Saatler geçti,belki günler, belki aylar belki yıllar, belki de asırlar. Ne zamandır uyuyordum bilmiyorum ama uykumda zihnim açıktı.Sanki uçsuz bucaksız bir dehlizde tek başıma dolaşıyordum.Ama bu sefer korkmuyordum.Ağlama isteği içimi yiyip bitirmiyordu.Bana güç veren bir şey vardı.Fakat o anda tek sahip olduğum şey karanlıktı ve bir süre sonra o da ortadan kayboldu.Göz kapaklarım açılmaya başladığında gözlerimden içeri güneş ışığı girdi.Karanlığa uzun bir süre alışmış olmalıyım ki gözlerimi acıyla tekrar kapattığımda uzun süredir bana arkadaşlık eden birini gördüm.O simsiyah kıyafetiyle karşımda duruyordu.Karanlık.Benliğim.Karanlığa fazla alışmadan bir daha gözlerimi açmayı denedim.Bu sefer gözlerim birinci seferki denememe göre daha az acıdı.Hatta bana baktıklarını tahmin ettiğim insanların bulanık yüzlerini görür gibi oldum.Yaşadığım o son anıları hatırladım ve ölmüş olacağımı düşündüm ama ölmüş olsam bile burası cehennem olamazdı değil mi?Burası cehenneme göre fazla soğuktu.
Sonunda gözlerimi açtığımda karşımda kampta gördüğüm o adamı görmedim fakat ondan farklı olmayan bir çok adam ve bir çok kadının bana baktığını farkettim.Onların yanında max ve hazel stranger da vardı.

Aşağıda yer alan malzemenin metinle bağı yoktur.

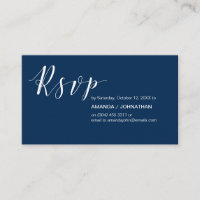 Invitations de parti RSVP, Moderne Elegant Marine 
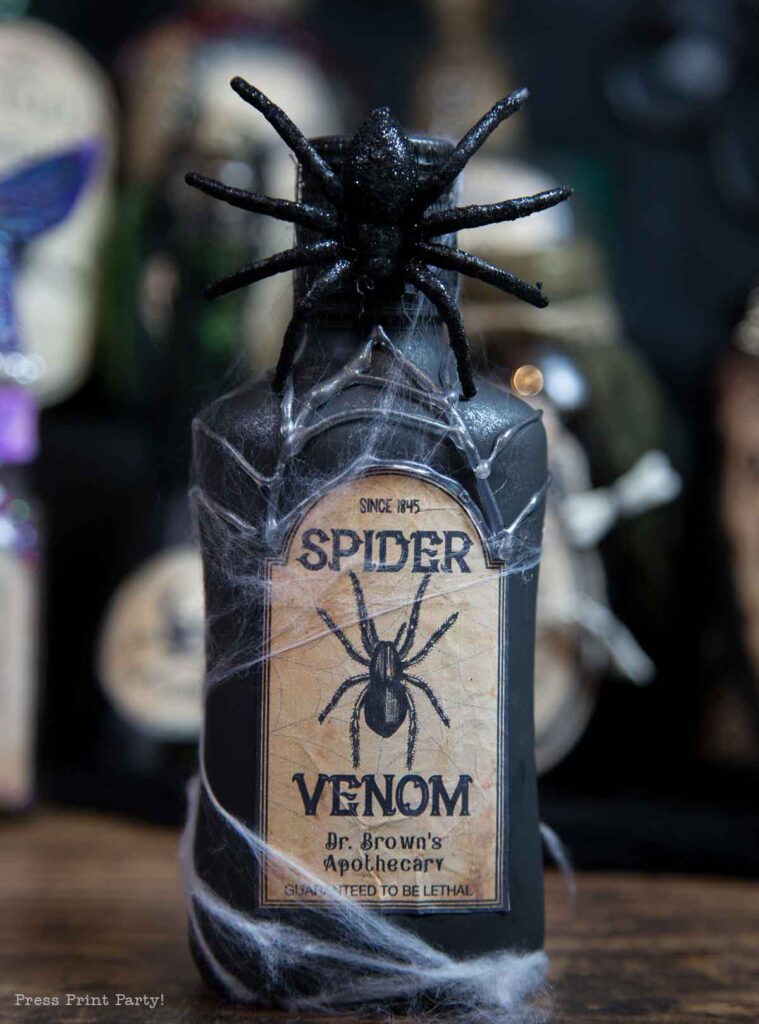 spider venom - Halloween potion bottles diy harry potter potions and labels-how to make apothecary bottles- Press Print Party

Hazel stranger...Aslında onun kim olduğu hakkında şu zamana kadar en küçük bir bilgim yoktu ama yaka kartıda denebileceği gibi kızın bluzundaki dekolte kısmındaki kartta onun adı olduğunu tahmin ettiğim bir isim yazılıydı.Kızın güzel bir yüzü ve bir o kadar da güzel bir fiziği vardı.Teni siyah olmasına rağmen masmavi gözleri gecenin karanlığında ki dolunay gibi etrafına ışık saçıyordu.Pürüzsüz bir cilt,bakımlı ve özenle taranmış siyah saçlar,yüzündeki en küçük tüyden ayak tırnağının tek bir hücresine kadar ki o asalet...Açıkçası bu kıza bakarken kendi cinsimi sorgulamak zorunda kaldım.Ama birden kızın gözleri dikkatimi çekti.Endişeliydi.Etrafına acı çekiyormuş gibi bir izlenim veriyordu. Hatta ağzına bir şeyler tıkıştırılmış,elleri bağlanıp dik durması için zorlanan bir köle gibi kendini kasmıştı.Aynen max in yeşil gözlerinin de anlattığı gibi.Bu gözlere baktıktan sonra burnum havada endişe ve buram buram korku kokusu almaya başlamıştı. Vücudumda burnumun aldığı bu kokulara tepki verip aniden yattığı yerden doğruldu.O anda sırtıma öyle bir ağrı saplandı ki gözümdeki yaşlara ve dilimin ucunda hazır bekleyen o çığlığa engel olamadım.Sırtıma bıçak sokulmuş gibi bir ağrım olsada yattığım yerden doğrulmayı başardım ve "Artık biri konuşup bana burada neler olduğunu anlatabilir mi?" diye kısık bir sesle tek bir kişiye odaklı olmayan bu soruyu benimle ilgileniyormuş gibi bana bakan kişilere yönelttim.Aslında sesim çatallı ve kısık çıkmasaydı bu cümlede emir havası bile sezilebilirdi.